Hi everyone, I am pretty new to the NGS data analysis. I have downloaded a WES dataset at BAM file format from SRA database. I try to mark duplicates in bam file using MarkDuplicates command at Picard . However, I encountered an error in terminal "error parsing sam header. @rg line missing sm tag". I tough that there is an error in @RG tag. So I run a command in terminal i.e. "samtools view -H SRR1693634_NC_000005.9.sorted.bam | grep '@RG' to see rg tag". Output is below
@RG ID:FGC0630.4.ACTGAT
@RG ID:FGC0639.8.ACTGAT
@RG ID:FGC0639.7.ACTGAT
@RG ID:FGC0639.4.ACTGAT
@RG ID:FGC0639.6.ACTGAT
@RG ID:FGC0639.5.ACTGAT
Now I have two questions:
What is meaning of the several read groups for a single sample? Are MarkDuplicates results for a sample with single RG are similar to the that sample with multiple RGs?

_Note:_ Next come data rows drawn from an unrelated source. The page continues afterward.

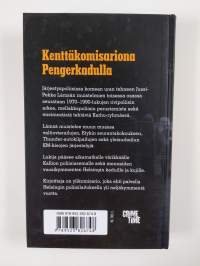 Kenttäkomisariona Pengerkadulla 1977-1997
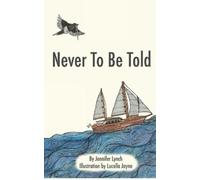 Jennifer Lynch Never To Be Told (Tascabile)
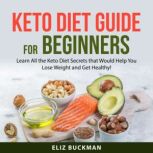 Keto Diet Guide for Beginners, Eliz Buckman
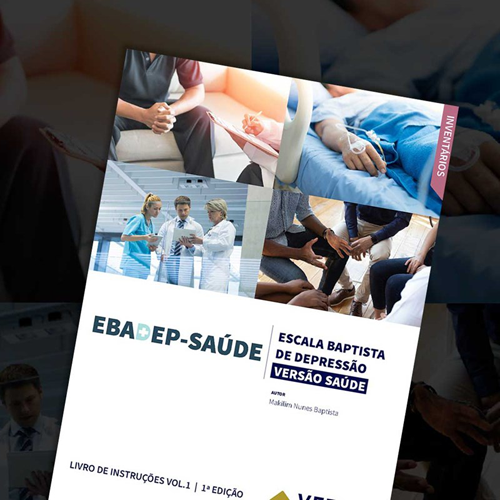 EBADEP-Saúde - Escala Baptista de Depressão - Versão Saúde - Coleção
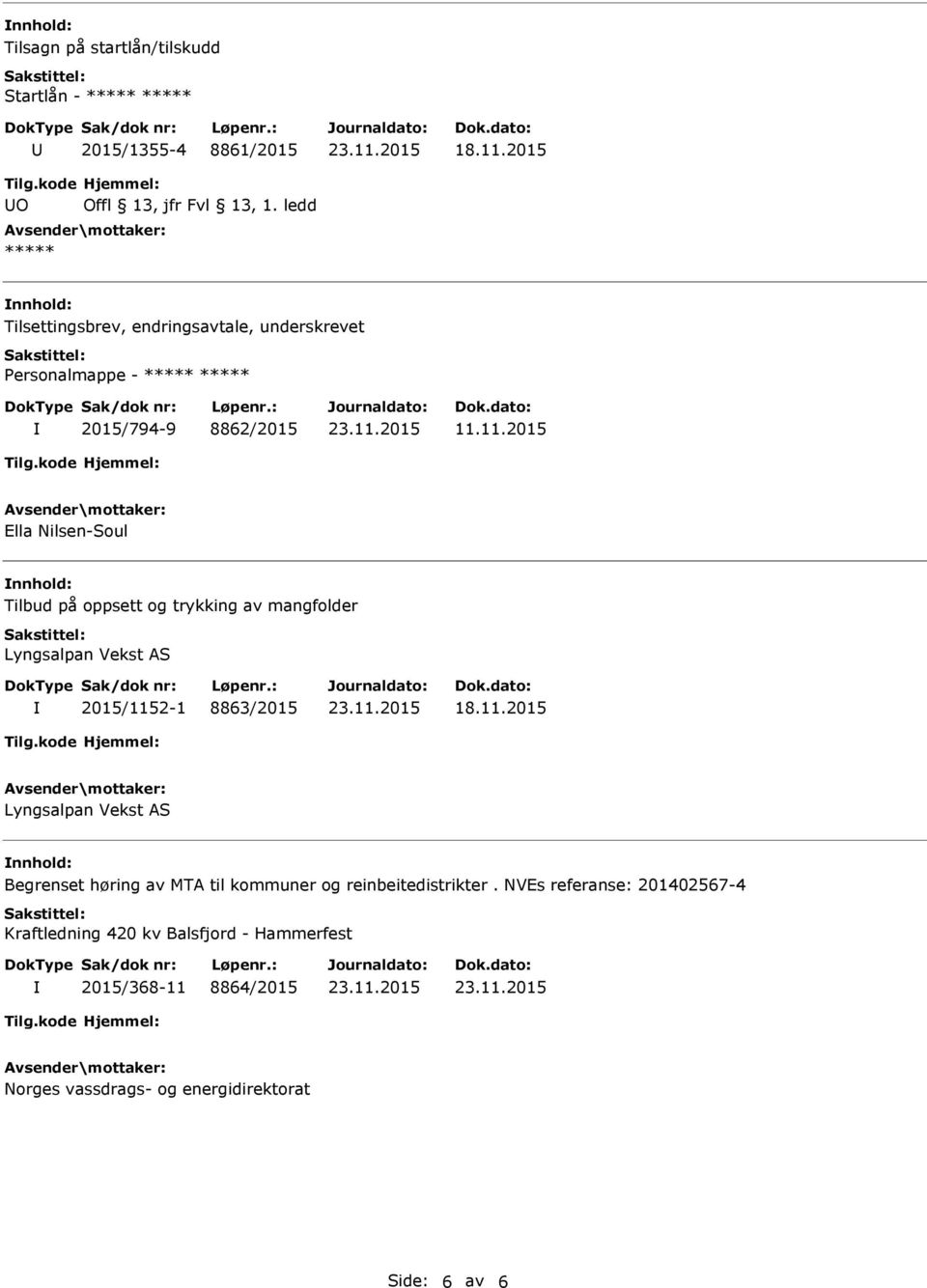 11.2015 Ella Nilsen-Soul nnhold: Tilbud på oppsett og trykking av mangfolder Lyngsalpan Vekst AS 2015/1152-1 8863/2015 18.11.2015 Lyngsalpan Vekst AS nnhold: Begrenset høring av MTA til kommuner og reinbeitedistrikter.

RGs in my sample lacks some necessary information such as RGID, RGLB, RGPL, RGPU, RGSM. How can I obtain and then add these information to the bam file for each RG? As you know AddOrReplaceReadGroups in Picard only treats sample with a single RG.
Many thanks Pierre.
As you see, I have six RGs. Does it mean that the sample was sequenced in six lanes of flowcell and then these six outputs were merged into unique BAM file? Do I think right? If yes, how Picard treat this merged BAM file to mark duplicates? Does it separately treated each read group or treat all RGs simultaneously?